▶ Records supplied:
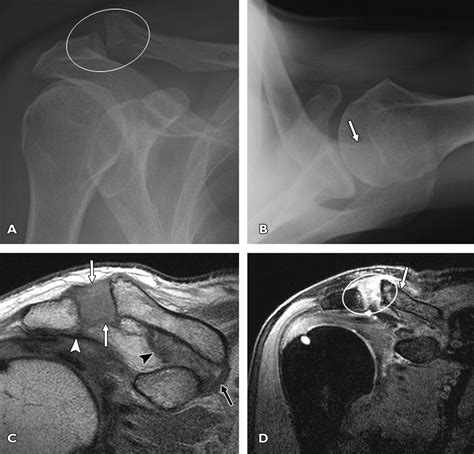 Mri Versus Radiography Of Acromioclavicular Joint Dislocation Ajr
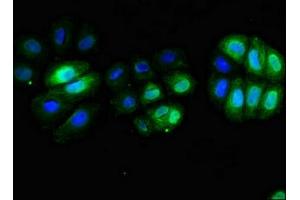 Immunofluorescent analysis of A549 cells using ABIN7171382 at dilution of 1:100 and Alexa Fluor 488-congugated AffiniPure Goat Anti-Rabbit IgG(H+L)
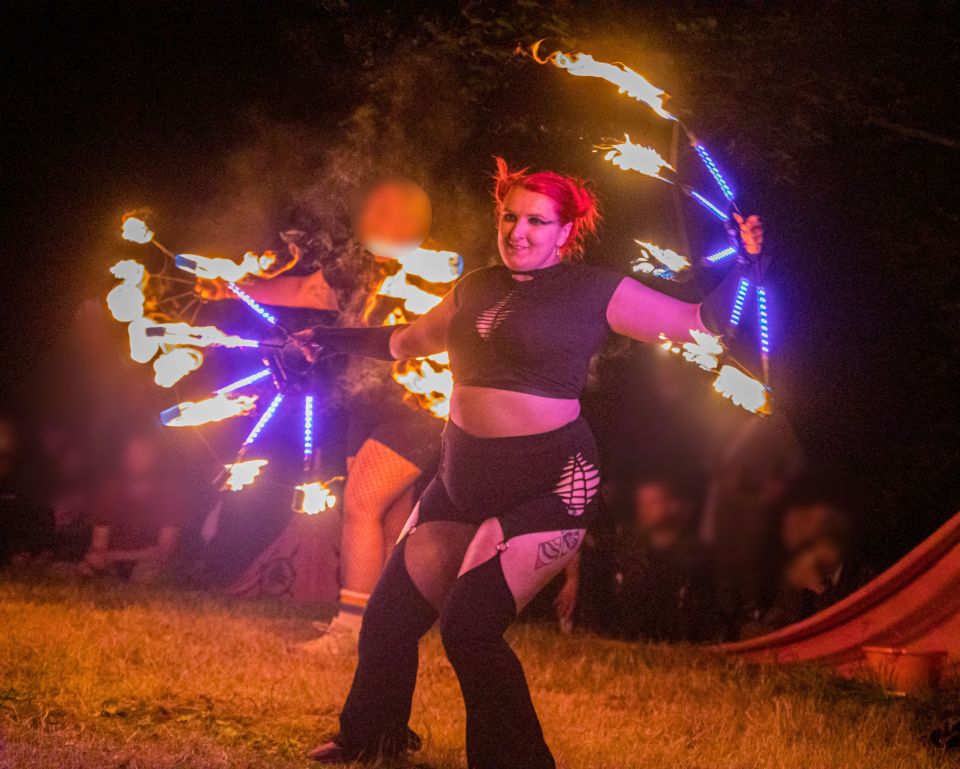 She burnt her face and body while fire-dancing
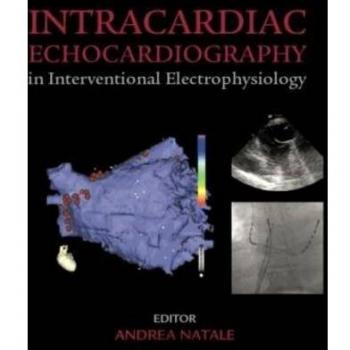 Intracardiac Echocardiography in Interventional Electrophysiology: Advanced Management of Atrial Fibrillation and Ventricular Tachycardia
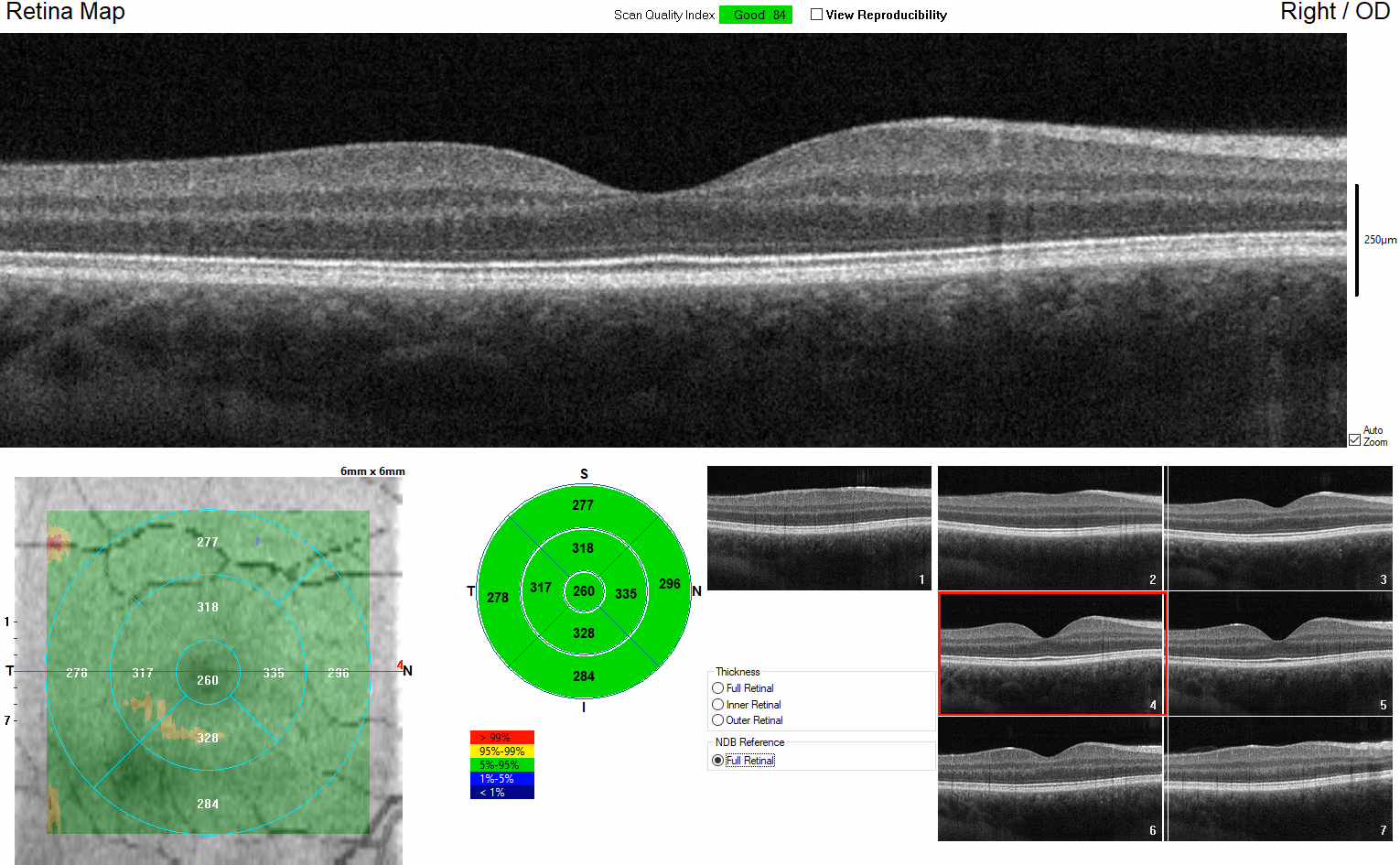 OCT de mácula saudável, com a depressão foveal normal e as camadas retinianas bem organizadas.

▶ Your assignment: Please return only the lines from the one holding "Intracardiac Echocardiography in" through the end of the data, both ends included; do not copy any pictures.

▶ Result below:
 Intracardiac Echocardiography in Interventional Electrophysiology: Advanced Management of Atrial Fibrillation and Ventricular Tachycardia
 OCT de mácula saudável, com a depressão foveal normal e as camadas retinianas bem organizadas.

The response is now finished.